As Pitt-Greensburg athletics begin to hit their stride this fall, it’s important to remember the more recreational side of sports. Intramural sports are a beloved part of the Pitt-Greensburg culture, and this year’s dose of flag-football is shaping up to be no different. Although this campus doesn’t have the numbers to support an official football team, it is exactly this that gives intramural sports here a noticeable significance. Sure, the prize of an intramural championship is little more than bragging rights, but with nine teams currently registered, the approaching season is certainly going to bring a hunger for victory to Ridilla Field.
The majority of the games will take place during week day afternoons between 11:30am and 2:00pm. The season begins on September 29, and will run through the entirety of October, with the first two weeks of November dedicated to playoffs. Kickoffs will be absent from the games; each team will start their possession from their own end and drive down the field, hoping to reach the first down marker placed at midfield. The playtime consists of two 20-minute halves, and a five minute halftime in between.
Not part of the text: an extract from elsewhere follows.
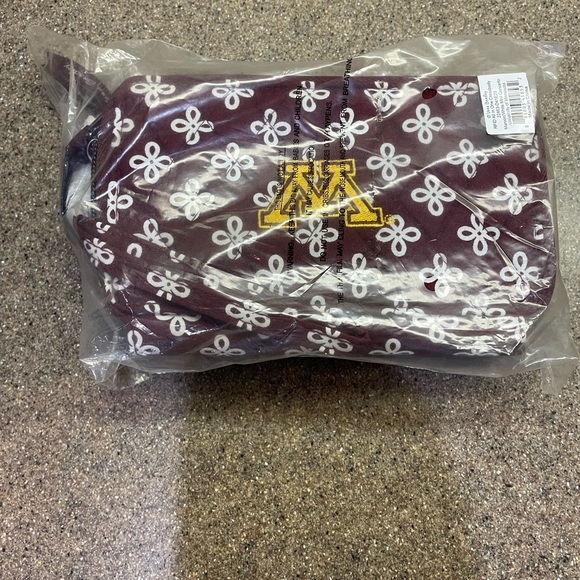 🆕Vera Bradley Collegiate University of Minnesota RFID All-In-One Crossbody - Picture 2 of 4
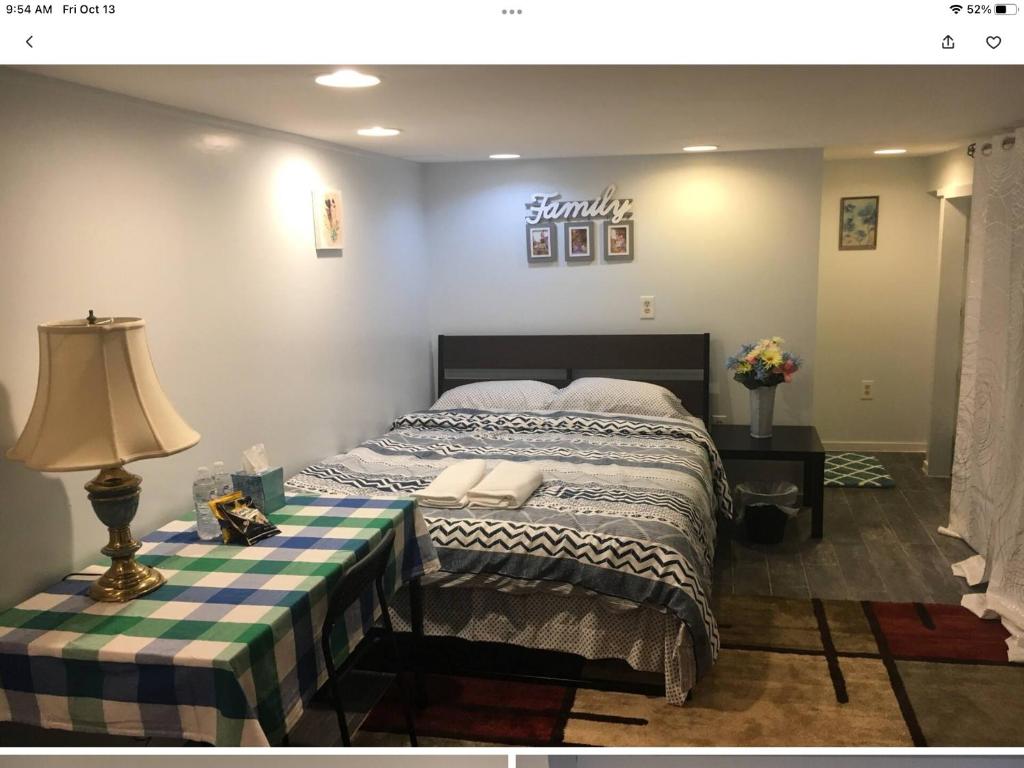 巴尔的摩Gateway en-suite bedroom next jhu的一间卧室配有一张床和一张带台灯的桌子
The clock will be continuously running, only stopping after an incomplete pass with less than a minute to go, or if a team uses one of their two timeouts per half. All of this information and more, including team names and captains, full rosters, and the league schedule, can be found on the league’s webpage at www.imleagues.com/upg.
I caught up with assistant intramural coordinator Chad Jacob, who shed some light on other aspects of the upcoming season. Rules and referees are largely influential when in it comes to any sport, and flag-football is no different. “There will be two or three referees for each game, depending on who is available. They will call the game with college football rules,” Jacob said. College football rules being: the ball carrier is ruled down if his knee touches the ground, and a receiver must get one foot down in-bounds for a catch to be ruled complete.
Another feature of the game that highly dictates the rhythm and flow of flag-football games is the rules for defensive blitzing. There is quite a variety of blitzing rules that can be imposed in flag football, like the classic backyard-style of “Five-Mississippi blitz,” or only allowing blitzes if the opposing quarterback leaves the pocket. For this league, Jacob explained, “Defenders are allowed to blitz every single play. The catch is that the same person cannot blitz two times in a row.” This is a creative and refreshing rule, and is one that can keep both offenses and defenses satisfied.
Intramural sports may not get the attention or glamour of NCAA-sponsored leagues, but their importance can’t be understated. The flourishing intramural leagues on campus are a product of the students’ willingness to work together, organize, and create something great. And although the stakes might not be as high as they are for the school’s official teams, that’s no reason to think that there will be a lack of competitiveness. As Chad Jacob said, “you throw men on a football field and it will get competitive. One thing we strive for is good sportsmanship, which we’ve never had a problem with. This is what makes flag-football a consistently successful program here at Pitt-Greensburg.”